Roma – “Prolungare il trattenimento nei Cie è per noi assurdo. E’ un modo per esasperare ulteriormente le persone. Qual è il senso di queste iniziative, che mirano a mortificare la dignità delle persone?”.
E’ il commento al SIR di padre Giovanni La Manna, Presidente del Centro Astalli (il Centro dei gesuiti per i rifugiati con sede a Roma), a proposito del decreto, approvato dal governo, con cui si prolungano i tempi di trattenimento degli immigrati irregolari nei Cie (Centri di identificazione ed espulsione) da 6 a 18 mesi, in attuazione di una direttiva dell’Unione europea.
Secondo padre La Manna “è una giustificazione dire che si tratta dell’attuazione di una direttiva europea, perché sappiamo che ogni Stato ha la possibilità di migliorarle. A me sembra un ulteriore segnale per dire che non si vuole governare responsabilmente la situazione”. E racconta la sua esperienza: “Nei Cie si trovano anche persone che non hanno commesso reati. Noi ci andiamo una volta a settimana e le persone ci chiedono: perché non ci rimandate al nostro Paese? Perché dobbiamo essere trattenuti in un carcere?”. Anche perché, “pur essendo consentito l’uso del cellulare si è privati della libertà di uscire, non ci sono programmi di rieducazione come in carcere. Non c’è progettualità”.

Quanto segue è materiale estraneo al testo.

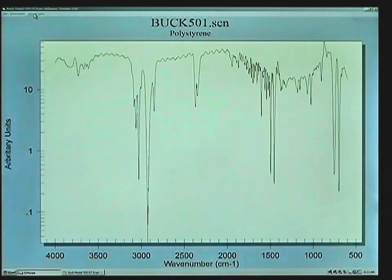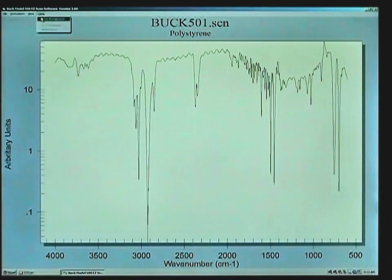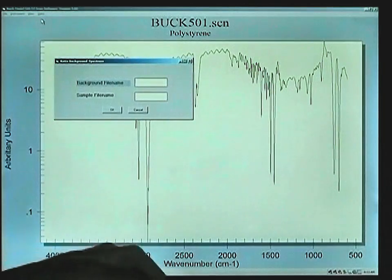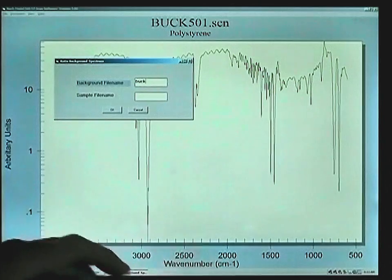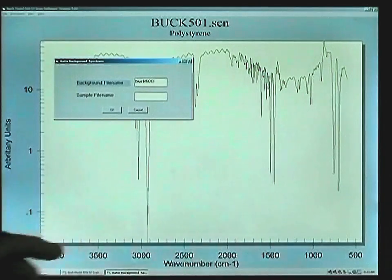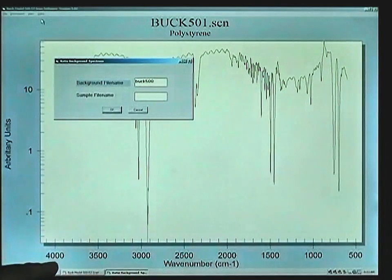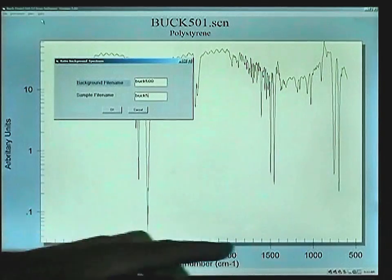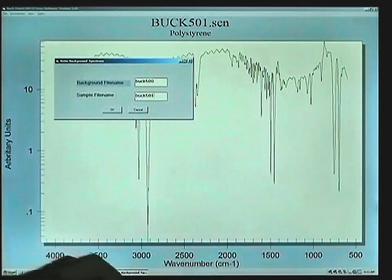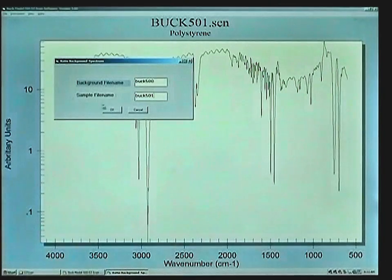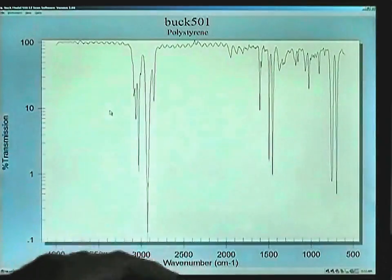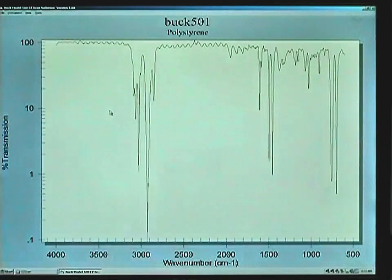We can now click on Data, Ratio Background, select the background file name which is Buc500, our sample file name which is Buc501, click OK, and we have our ratio percent transmission scan on screen.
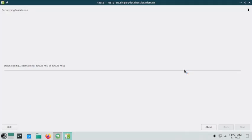A total of 406 MB is to be downloaded, which is not a big download — only a moderate size. It will be completed in the next 10 to 15 minutes.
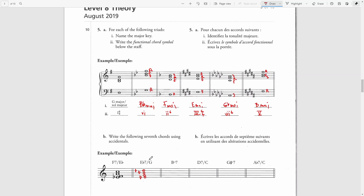Now we need to put this in the first inversion where G is the lowest note. I will move the E-flat up an octave, write it above, and then raise the E-flat from the bottom of this chord.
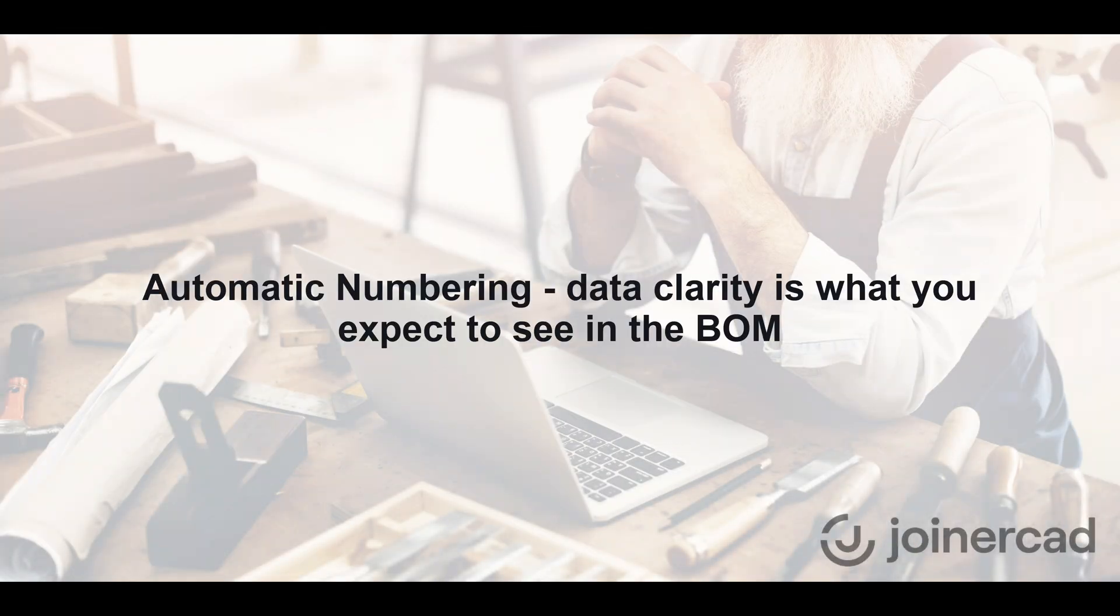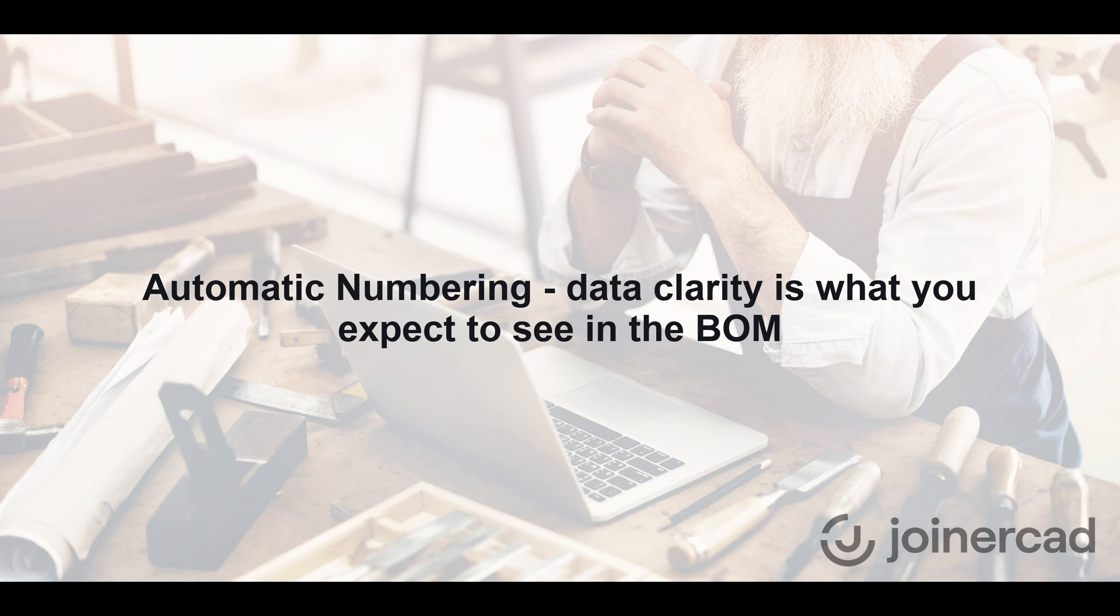Hello, all JoinerCAD fans. In this video, I will explain how to perform automatic numbering, which automatically assigns codes to the designed components and allows you to quickly change their names. This speeds up the preparation of the documentation before the BOM is generated.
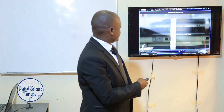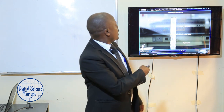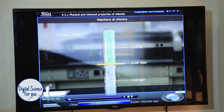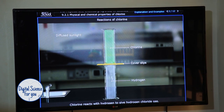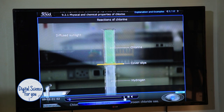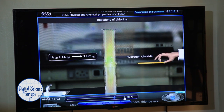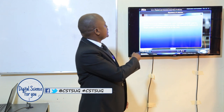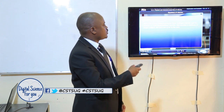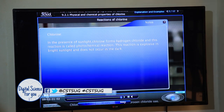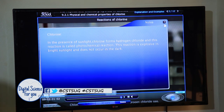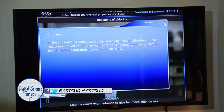Chemical property one: reaction with hydrogen. Here we have two gas jars — the upper one has chlorine, you can see it is green, and the lower one has hydrogen. The two gases are separated using a cover slip. When the cover slip is removed and the setup is exposed to sunlight, the two gases react together and produce hydrogen chloride gas. As stated in your textbooks, in the presence of sunlight, chlorine forms hydrogen chloride gas. This reaction is called a photochemical reaction — just like photosynthesis, photochemical means it takes place in the presence of sunlight. This reaction is very explosive in sunlight but does not occur in the dark.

“Le persone nei Cie vanno in sofferenza perché trattenute in una situazione indegna – denuncia padre La Manna -. Sono sotto gli occhi di tutti i disordini che avvengono: incendi, atti di vandalismo”. Allora, prosegue, “perché far deprimere ed esasperare le persone?”, si chiede il sacerdote: “Esistono degli strumenti per valutare, con dignità, se hanno diritto a rimanere in Italia, allora cerchiamo di far funzionare meglio questi sistemi”.